- Problem statement -
Each line below needs to be repeated precisely as it is.

Short text fragments from websites:
********************

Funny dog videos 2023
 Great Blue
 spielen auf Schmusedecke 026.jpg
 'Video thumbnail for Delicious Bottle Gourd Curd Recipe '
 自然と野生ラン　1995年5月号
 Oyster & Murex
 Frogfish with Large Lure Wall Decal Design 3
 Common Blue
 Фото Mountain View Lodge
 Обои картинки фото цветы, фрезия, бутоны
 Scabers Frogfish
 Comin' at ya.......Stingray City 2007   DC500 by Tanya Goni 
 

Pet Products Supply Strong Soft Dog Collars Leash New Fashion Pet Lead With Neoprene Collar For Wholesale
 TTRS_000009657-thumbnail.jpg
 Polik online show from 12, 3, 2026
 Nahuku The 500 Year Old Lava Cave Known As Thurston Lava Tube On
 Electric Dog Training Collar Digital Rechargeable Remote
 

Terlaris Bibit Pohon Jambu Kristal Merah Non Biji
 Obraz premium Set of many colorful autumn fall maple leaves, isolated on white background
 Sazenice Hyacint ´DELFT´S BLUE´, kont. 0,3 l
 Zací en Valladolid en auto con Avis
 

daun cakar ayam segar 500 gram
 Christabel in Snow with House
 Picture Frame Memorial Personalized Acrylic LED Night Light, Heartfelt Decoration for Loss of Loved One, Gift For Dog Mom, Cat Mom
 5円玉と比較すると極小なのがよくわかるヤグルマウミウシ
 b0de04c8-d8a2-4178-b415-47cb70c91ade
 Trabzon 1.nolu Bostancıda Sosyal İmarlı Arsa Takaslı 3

********************

- Problem solution -
Funny dog videos 2023
 Great Blue
 spielen auf Schmusedecke 026.jpg
 'Video thumbnail for Delicious Bottle Gourd Curd Recipe '
 自然と野生ラン　1995年5月号
 Oyster & Murex
 Frogfish with Large Lure Wall Decal Design 3
 Common Blue
 Фото Mountain View Lodge
 Обои картинки фото цветы, фрезия, бутоны
 Scabers Frogfish
 Comin' at ya.......Stingray City 2007   DC500 by Tanya Goni 
 

Pet Products Supply Strong Soft Dog Collars Leash New Fashion Pet Lead With Neoprene Collar For Wholesale
 TTRS_000009657-thumbnail.jpg
 Polik online show from 12, 3, 2026
 Nahuku The 500 Year Old Lava Cave Known As Thurston Lava Tube On
 Electric Dog Training Collar Digital Rechargeable Remote
 

Terlaris Bibit Pohon Jambu Kristal Merah Non Biji
 Obraz premium Set of many colorful autumn fall maple leaves, isolated on white background
 Sazenice Hyacint ´DELFT´S BLUE´, kont. 0,3 l
 Zací en Valladolid en auto con Avis
 

daun cakar ayam segar 500 gram
 Christabel in Snow with House
 Picture Frame Memorial Personalized Acrylic LED Night Light, Heartfelt Decoration for Loss of Loved One, Gift For Dog Mom, Cat Mom
 5円玉と比較すると極小なのがよくわかるヤグルマウミウシ
 b0de04c8-d8a2-4178-b415-47cb70c91ade
 Trabzon 1.nolu Bostancıda Sosyal İmarlı Arsa Takaslı 3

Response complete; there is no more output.